THE Organised Labour says it is pushing for an annual increase to the ₦70,000 minimum wage paid to workers in Nigeria.

Labour said it is important that the minimum wage paid to workers reflect a rise in inflation every year.

“What we are pushing on for Labour is that instead of you (the government) waiting for five years to increase the minimum wage, you will now look at the inflation of the last five years and try to make some adjustments, why can’t we reflect the inflation on an annual basis?” TUC boss Festus Osifo said on Channels Television’s Politics Today on January 1, 2025 monitored by News Point Nigeria.

The president of the Trade Union Congress (TUC) said members of the organisation as well as their colleagues in the Nigeria Labour Congress (NLC) have begun talks in this regard.

“For example, we have entered January 2025, by the 15th of January 2025, the National Bureau of Statistics is going to release the inflation figure for December,” he explained.

“So, what we are pushing for as Labour is that, if for example, the inflation figure is 35%, apply that 35% to the ₦70,000 minimum wage so that it will become reflective of what the true value is.

“When we get to 2026, you will also do similar application.
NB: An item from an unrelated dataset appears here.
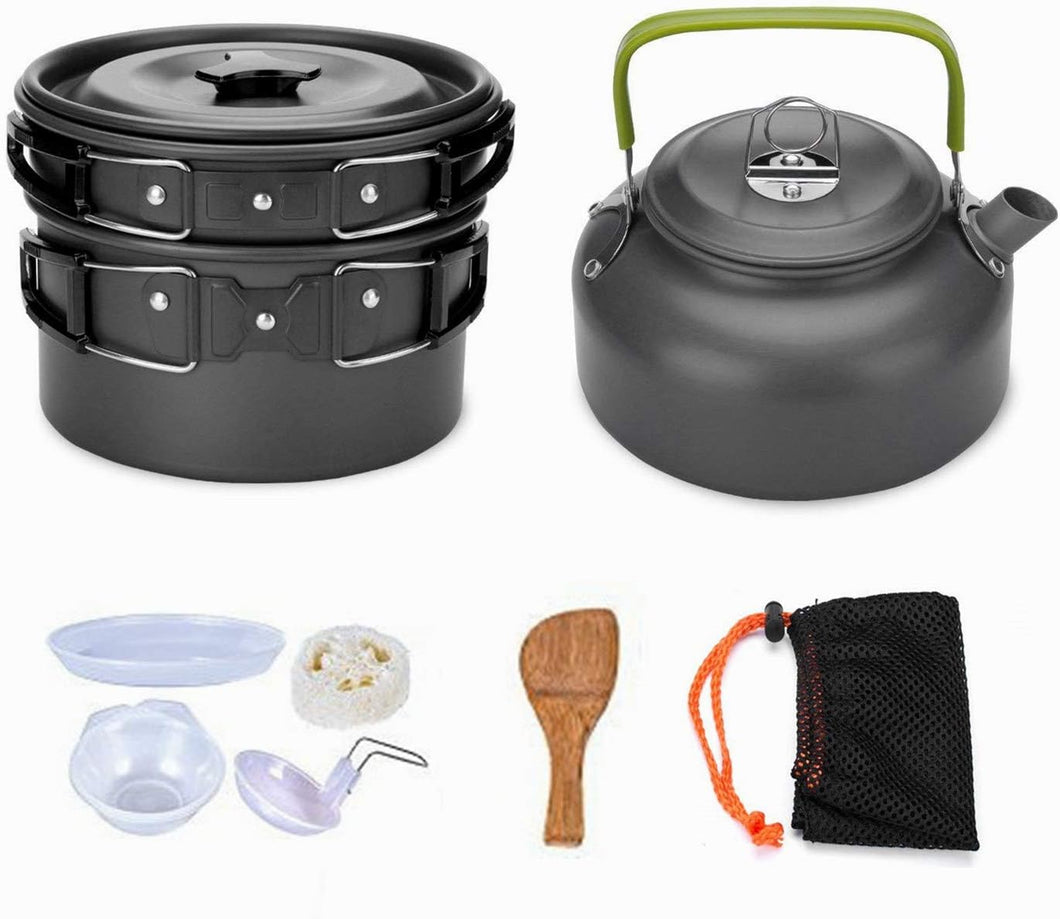 FabSports Camping Lightweight Aluminum Cookware Mess Kit with Storage Bag – 10 pc set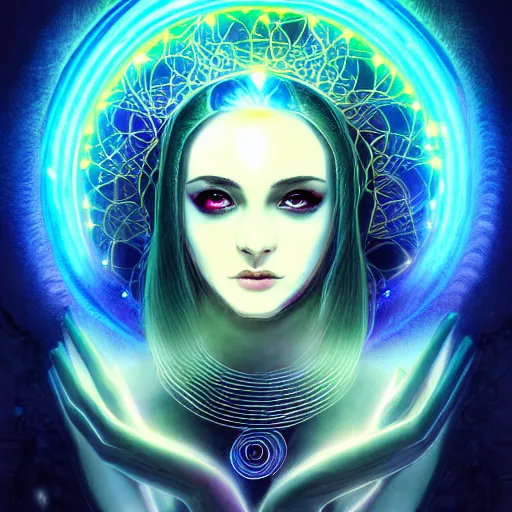 Prompt: a symmetrical portrait of a mystical feminine creature with glowing energies and particals, metal scales, surrounded by spirits, gloomy cinematic lighting, highly detailed, illustrated novel style, comic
That is actually what we are pushing. We shouldn’t be waiting for five years.

“In the new Act now is three years to do those adjustments but we could be doing them systemically by applying the inflation as of December of the preceding year to what the minimum wage is.

“This is part of the position that we are also going to canvass this year. We started the conversation last year but we will continue it in 2025.”

In July 2024, after months of protracted talks, the Federal Government and labour unions reached a consensus figure of ₦70,000 minimum wage which was later approved by President Bola Tinubu.

The increase came five years after the last review pegged at ₦30,000 but with the astronomic rise in cost of living, attributed to a more than quadruple hike in energy costs and petrol subsidy removal, labour unions have argued that ₦70,000 cannot take any worker home and thus demanded a decent living wage.